Richard K. "Rick" Sullivan, Jr. (born January 18, 1959) is an American politician who served as chief of staff to Governor Deval Patrick from 2014 to 2015. Before assuming the office, Sullivan was the former secretary of energy and environmental affairs of the Commonwealth of Massachusetts and former mayor of Westfield, Massachusetts.

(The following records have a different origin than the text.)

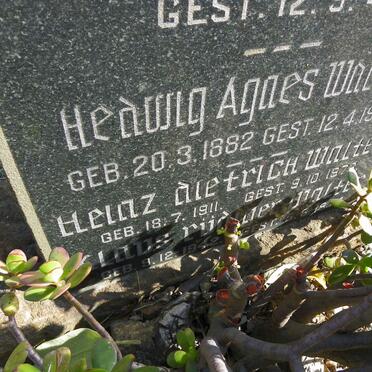 WALTER Heinz Dietrich WALTER 1911-1973 :: WALTER Klaus Rudiger 1942-1974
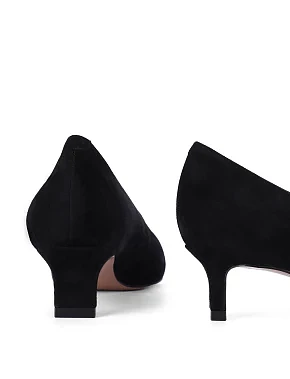 Жіночі туфлі велюрові чорні - фото 4 - Miraton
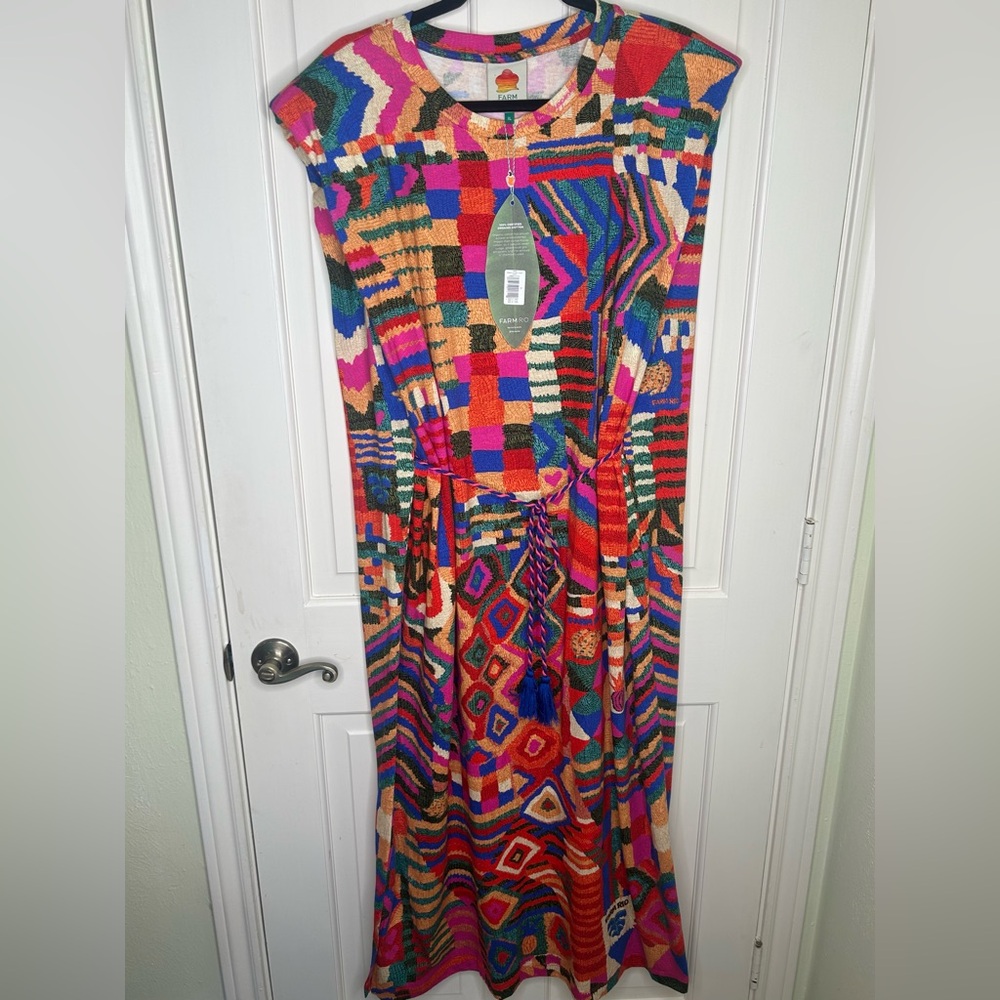 FARM Rio Multicolor Geometric Dress - Picture 5 of 14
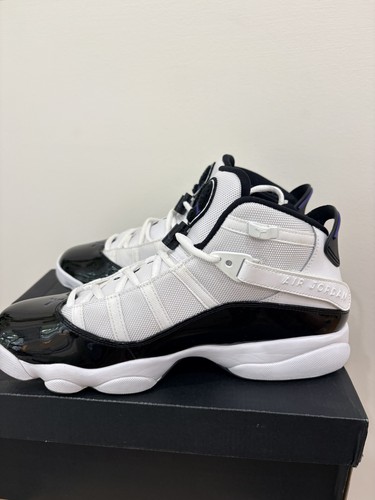 Nike Air Jordan 6 Rings Defining Moments White Black Gold - photo 4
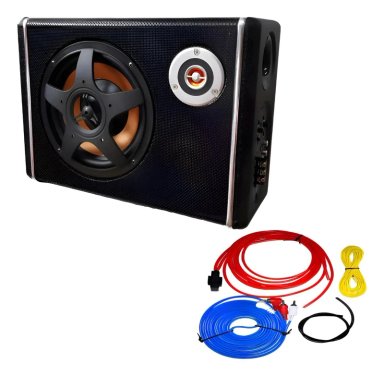 SUBWOOFER PLANO AMPLIFICADO PARA AUTO - 1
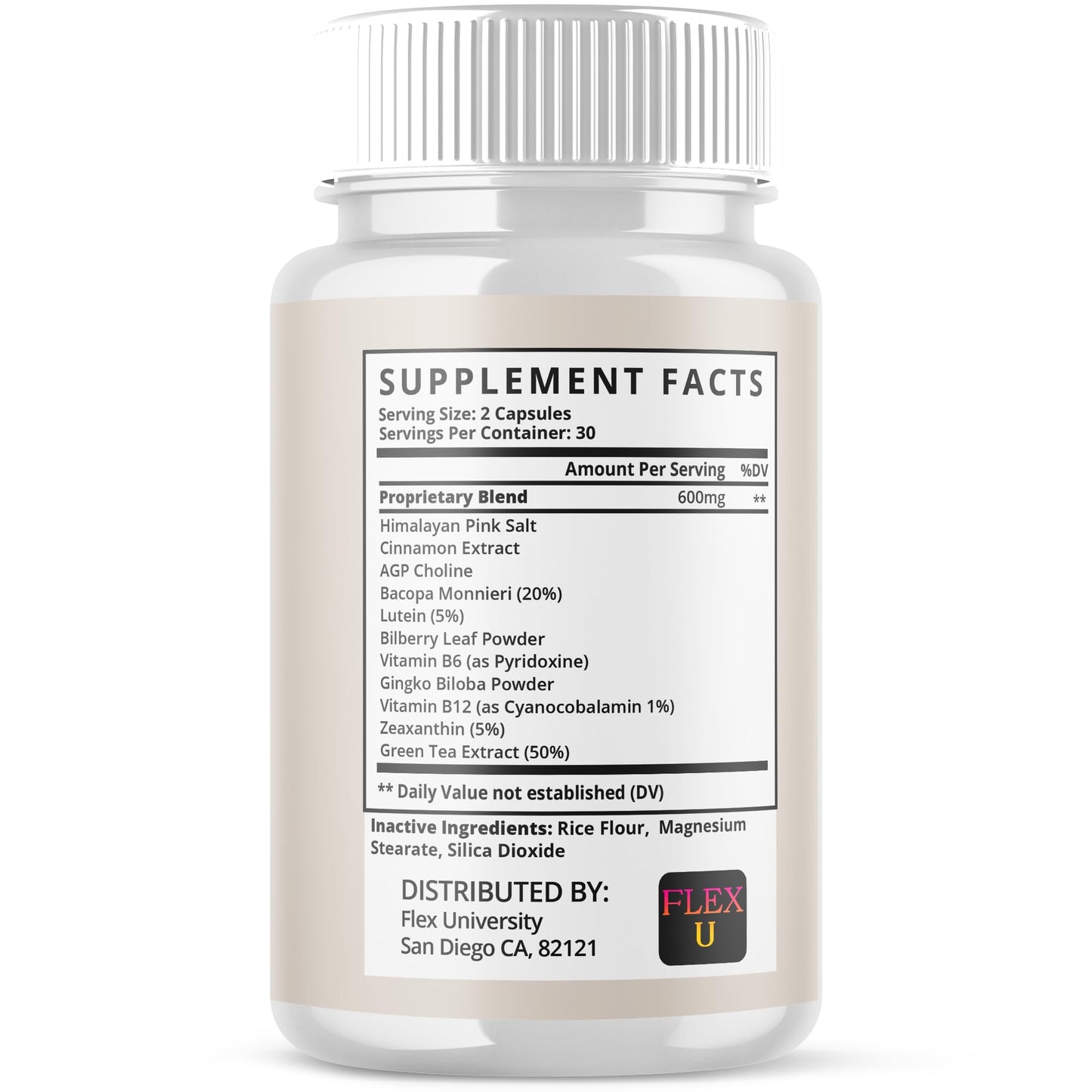 Flex University Core Strength Joint Support Capsules, 180 Capsules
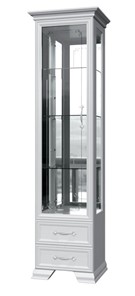 Шкаф-витрина Грация ШР-1, белый, 3 стекла, 420 в Сыктывкаре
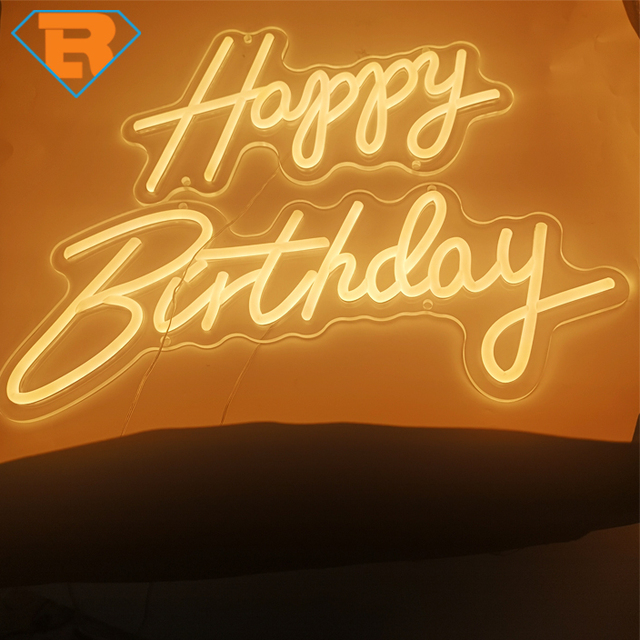 Happy Birthday Wall-mounted Custom Neon Sign Letters Led Neon Sign Light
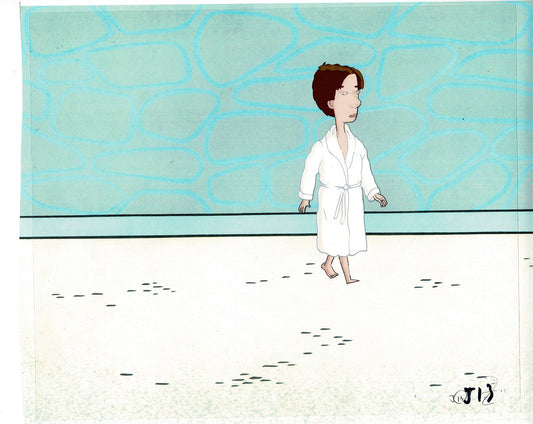 David Spade Production Cel and Drawing from Sammy Production TV Cartoon SNL Alum 2000 C-43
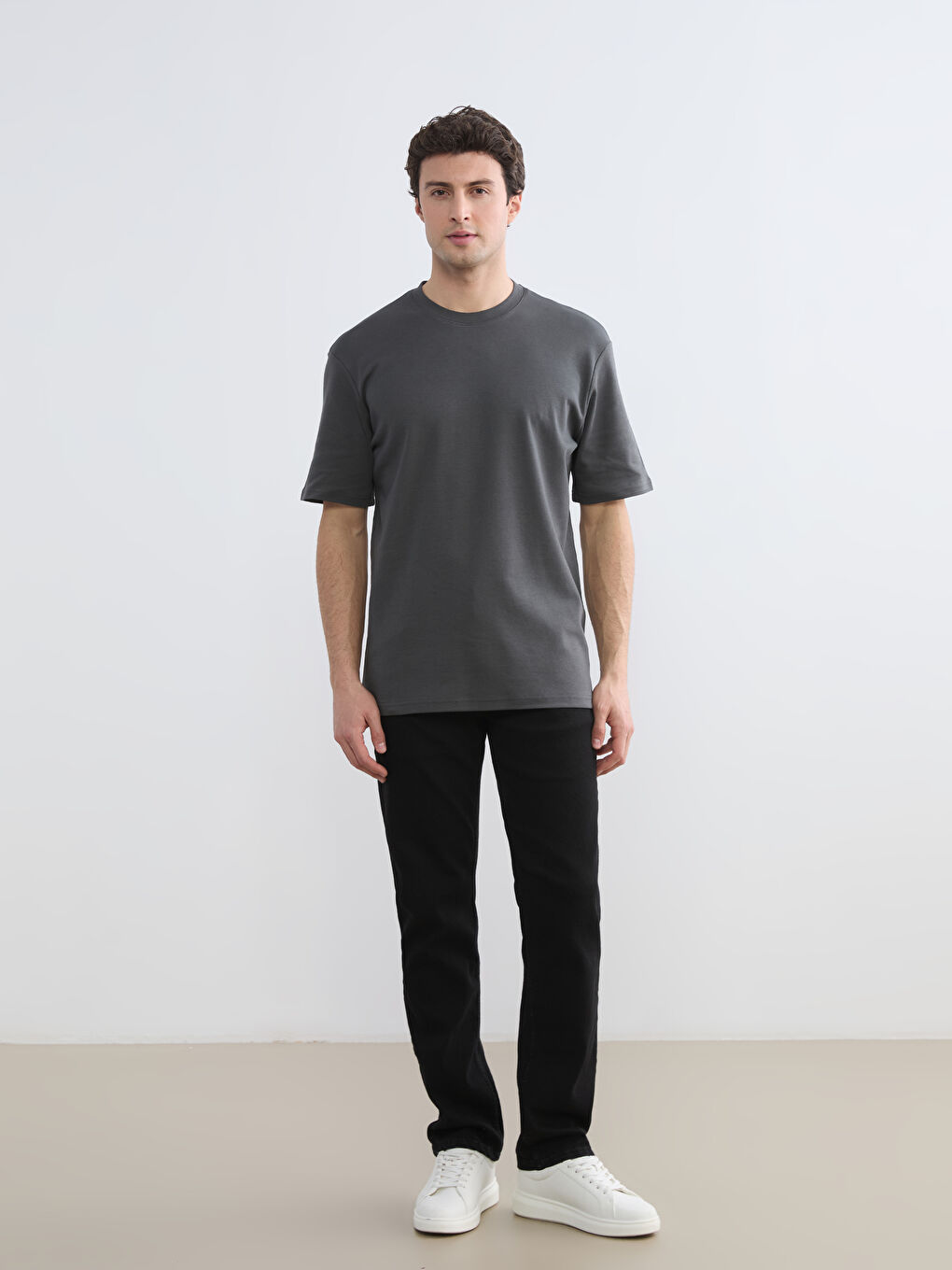 Crew Neck Men's T-Shirt-1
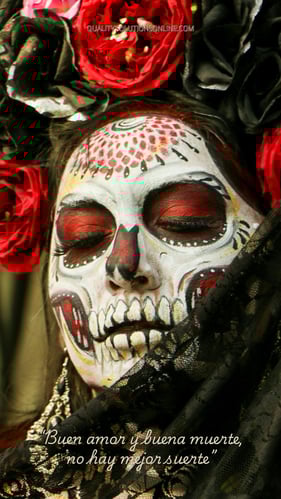 Fondo de pantalla gratis día de los muertos, México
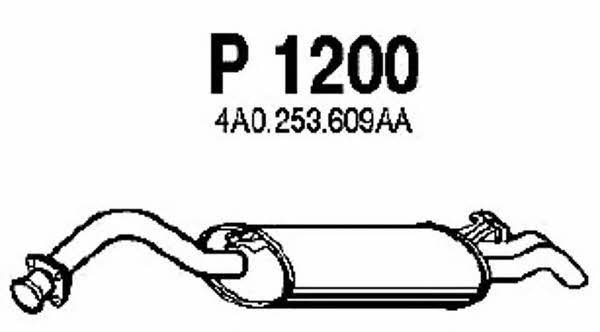 Fenno P1200 End Silencer P1200: Buy near me in Poland at 2407.PL - Good price!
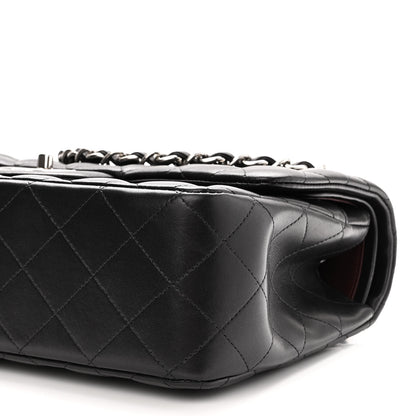 Chanel Lambskin Quilted Jumbo Double Flap Black 10 of 11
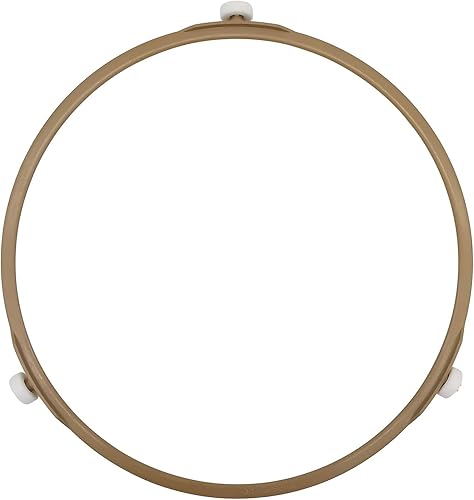 Anillo giratorio de microondas de 8.7 pulgadas, pieza de repuesto para la mayoría de microondas, diámetro exterior del anillo 8.7 pulgadas/8.701 in,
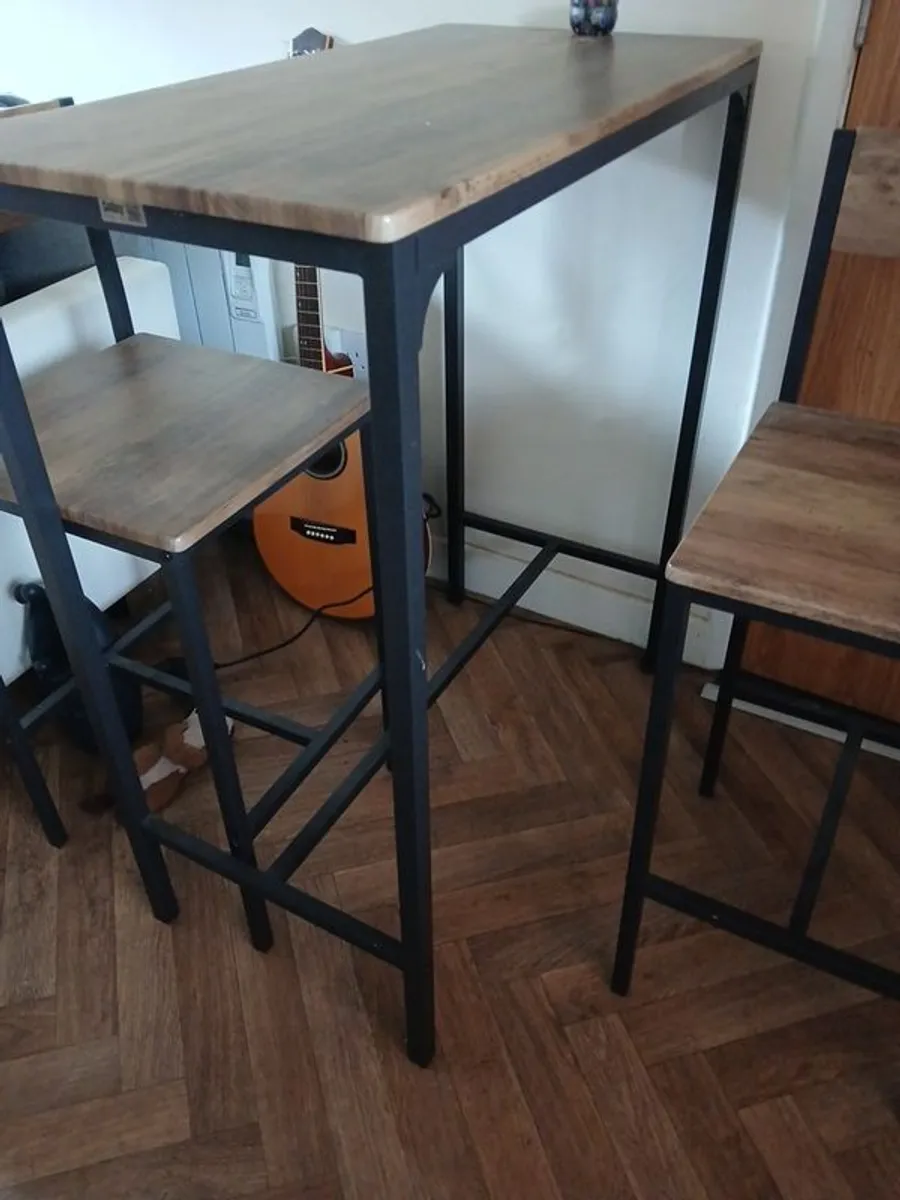 Table and 2 stools - Image 3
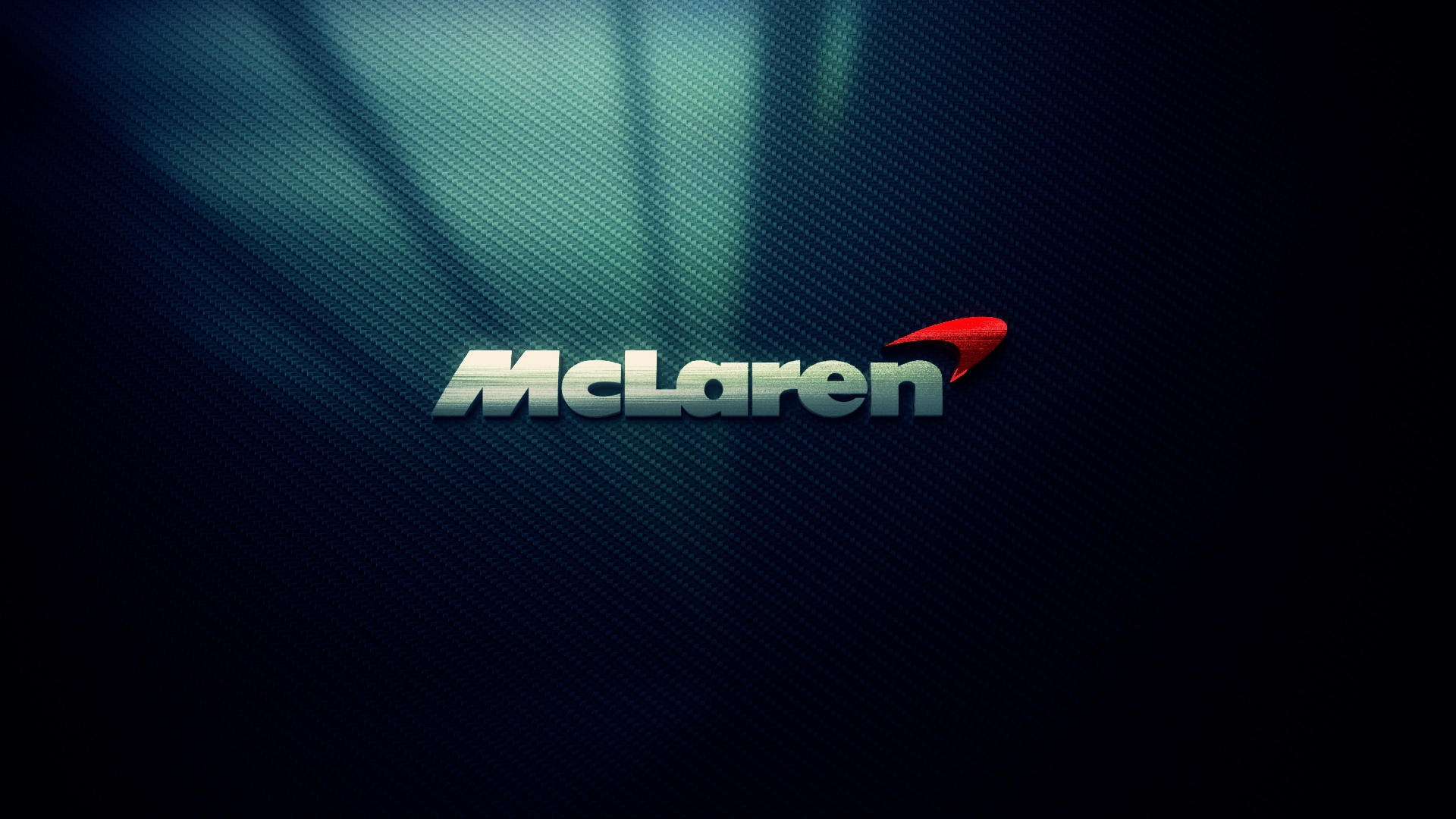 McLaren logo on a dark textured background HD Wallpaper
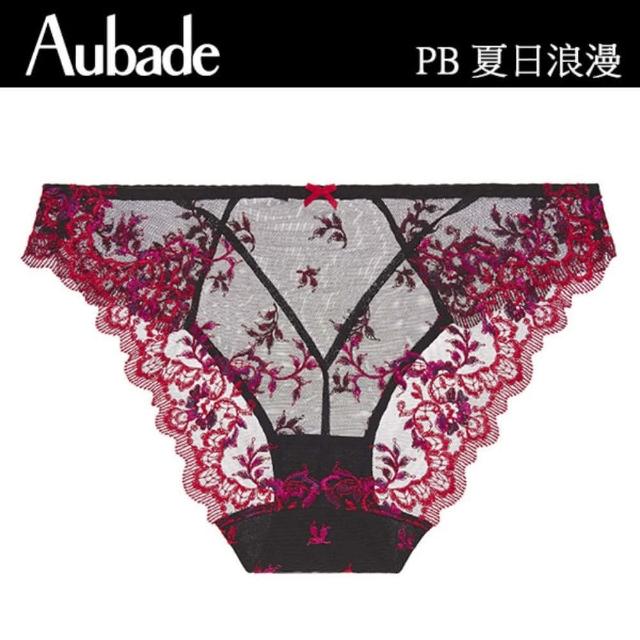 【Aubade】夏日浪漫無痕三角褲-PB(黑)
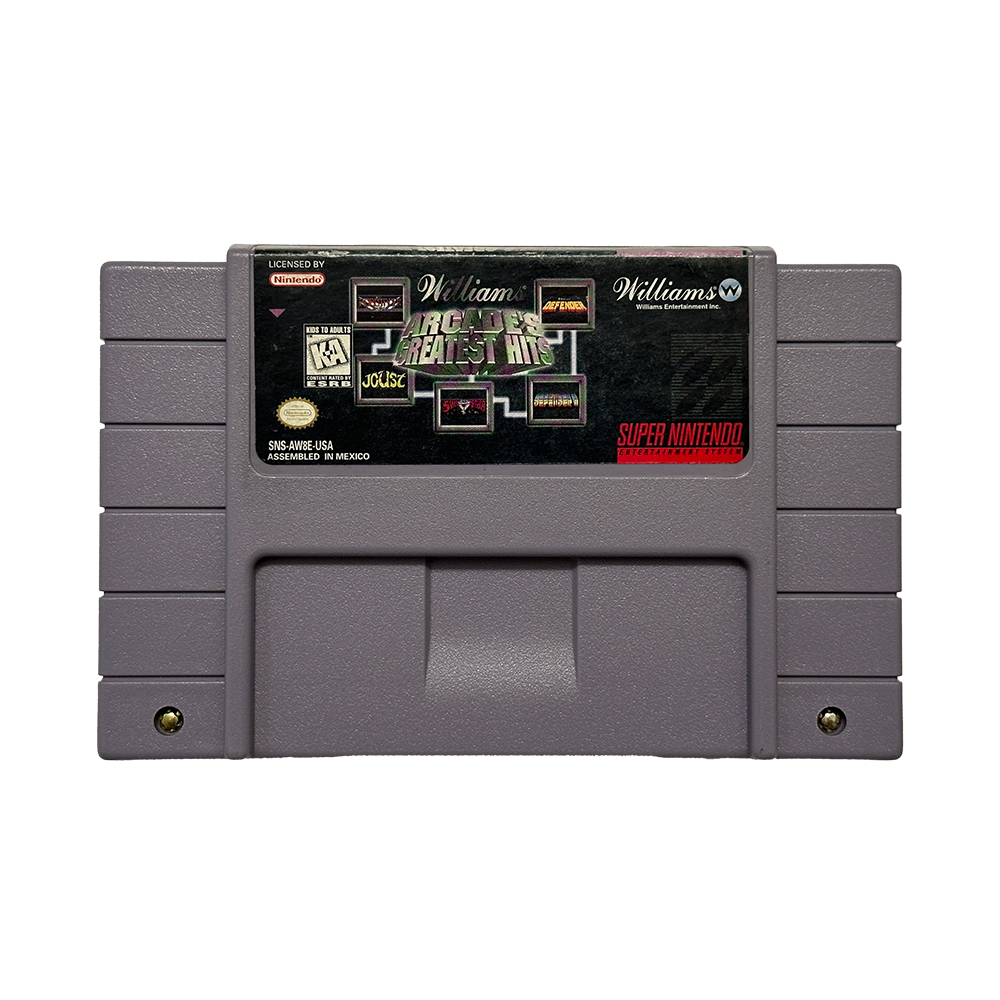 Williams Arcade's Greatest Hits - Super Nintendo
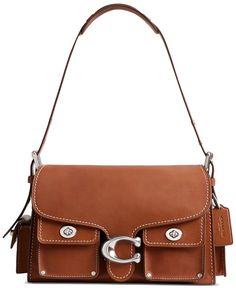 COACH Cargo Turnlock Soft Tabby Leather Shoulder Bag - Macy's Coach Turnlock Shoulder Bag, Coach Tabby, Wishlist 2024, Pretty Bags, Goodie Bags, Coach Handbags, Her Style, Coach Bags, Leather Shoulder Bag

Sullivan served as Mayor of Westfield from 1994 until 2007 when he was appointed commissioner of the Department of Conservation and Recreation. Under his leadership, the DCR completed several large-scale capital improvements, including a two-year, $21.3 million project at Mount Greylock State Reservation and a $9 million renovation of the visitor center at Georges Island in Boston. In 2011 he succeeded the departing Ian Bowles as Secretary of Energy and Environmental Affairs. In this position, Sullivan was in charge of implementing Governor Deval Patrick's solar, wind, biofuel, and energy efficiency initiatives as well as overseeing land-preservation efforts and the implementation of environmental laws and regulations. On May 22, Governor Patrick appointed Sullivan as his chief of staff for the remainder of his administration.

Sullivan is a graduate of Westfield High School and holds degrees from Bates College and Western New England School of Law.